Imagine designing a human body cell by cell. Dragging out each cell and connecting it manually, 36 trillion times. Can’t imagine that? Good. Because it’s not possible.

Complex systems have to be designed using abstraction of complexity, reusability, modularity, & automatic error checking.

JITX lets electrical engineers design complex circuit boards using code. We reduce preventable errors, manage complexity, and facilitate programmatic design.

Retention

Activation

Acquisition


THE PROBLEM

Driving retention at a zero to one startup

How might we retain customers by creating a powerful and radically different workflow that still feels comfortable and familiar?

Most electrical engineers aren’t programmers

Many of them get through their education having taken only one programming class, typically in a low level language like C. JITX is about software-defined electronics: We formally define and automate the design process using code. Our biggest challenge in retaining customers was creating a core workflow that was acceptably easy to learn, maximally automated, and sufficiently familiar to users.

HIGHLIGHTS

From fugue state to flow state

Replacing impossibly arcane legacy tools with powerful, usable software-defined electronics.

Board view - Our users derive understanding, comfort, and familiarity from seeing and interacting with their board.

Schematic view - The schematic is a crucial vector of collaboration and shared understanding.

RESEARCH

Helping users exit a bad relationship

Key Questions

  • What is the mental model of an electrical engineer as they design a complex system?
  • What are they trying to accomplish in each phase of their design process?
  • How is their progress judged and rewarded?
  • Who do they work with and how do they interface with them?
  • What do they like about their current tools?
  • What do they hate about their current tools?
  • How can I gain first-hand, experiential knowledge of their pain points?

Research Overview

  • The current state of electrical engineering is broken. CAD tools are essentially drawing tools with minimal intelligence and reusability. There is an immense amount of low-value manual work involved with producing or respinning circuit boards. And the potential for error is incredibly high.

    Companies will use extremely old technology because they’re afraid of making any changes to it, lest their “improvements” create some bug that grinds their entire product roadmap to a halt. Double digit percentages of circuit boards are discarded each year by the most advanced tech companies due to preventable errors.

KEY INSIGHTS

  • Bicycles for the mind

    Design for the frictionless expression of engineering ideas

  • Interact to understand

    Some things are way easier to intuit when you can touch them

  • Warm starts only

    Provide lego blocks and let them start building fast

  • Weekly active engineers

    Optimize for weekly productivity

IDEATION

Creative friction produces great products

Working closely across disciplines is key

Our ideation process often involved cross-functional brainstorming on carefully chosen how might we statements. We would use FigJam or actual post its to throw ideas up, discuss, and vote on them. We would then begin iterating on our most promising ideas and test them ourselves and with our customers.
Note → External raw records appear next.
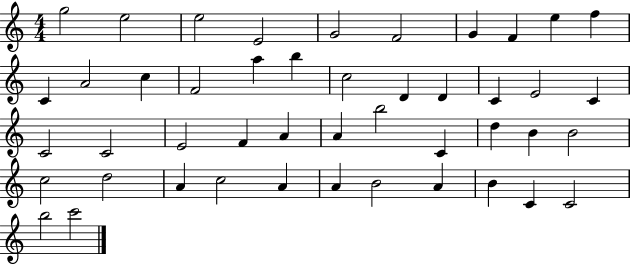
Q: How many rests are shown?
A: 0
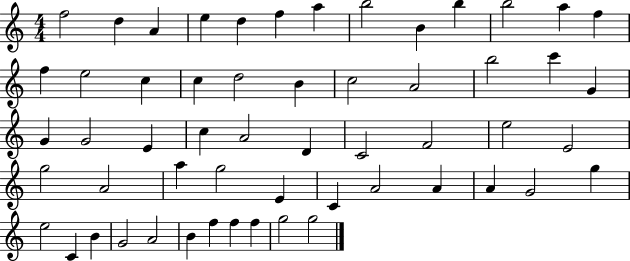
{
  \clef treble
  \numericTimeSignature
  \time 4/4
  \key c \major
  f''2 d''4 a'4 | e''4 d''4 f''4 a''4 | b''2 b'4 b''4 | b''2 a''4 f''4 | \break f''4 e''2 c''4 | c''4 d''2 b'4 | c''2 a'2 | b''2 c'''4 g'4 | \break g'4 g'2 e'4 | c''4 a'2 d'4 | c'2 f'2 | e''2 e'2 | \break g''2 a'2 | a''4 g''2 e'4 | c'4 a'2 a'4 | a'4 g'2 g''4 | \break e''2 c'4 b'4 | g'2 a'2 | b'4 f''4 f''4 f''4 | g''2 g''2 | \break \bar "|."
}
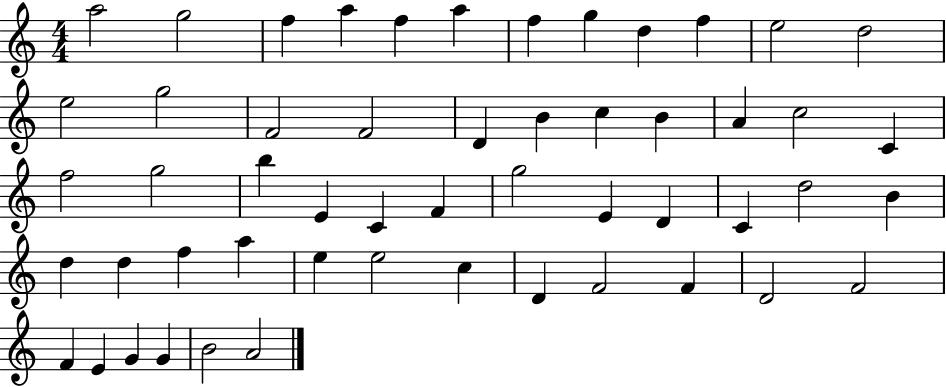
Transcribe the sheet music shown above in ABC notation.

X:1
T:Untitled
M:4/4
L:1/4
K:C
a2 g2 f a f a f g d f e2 d2 e2 g2 F2 F2 D B c B A c2 C f2 g2 b E C F g2 E D C d2 B d d f a e e2 c D F2 F D2 F2 F E G G B2 A2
Iterating on board view - We explored various ways of helping our users understand and solve physical design problems.

Iterating on schematic view - We tested different ideas to see what would help our users best communicate their designs.

FINAL DESIGN

Automation balanced with control

Finding comfort in radical change

In both our schematic and board view we attempted to maximize automation while keeping our users’ hands on the steering wheel. We found that being able to manually dial in the final 5% of details is a crucial driver of comfort for our customers.

STYLE GUIDE

Advanced, trustworthy, and fast

Creating a powerful visual language

The visual language of JITX was understated and subtle with details intended to evoke a feeling of technical sophistication, trust, and speed. The best way to do that is to apply subtlety and get out of the way of users so they can use the tool in a powerful and sophisticated way.

REFLECTIONS

Things I could have done better

Quantity has a quality all of its own

Were I to do this project all over, I would have done even more low-fidelity exploration early on to push the boundaries of what is possible. We did significant iteration and exploration, but I think magic happens when you dig a bit deeper and create some additional concepts when you feel like you've got no good ideas. I would also have tried to delegate earlier and more often in order to elicit even more magic from our design team.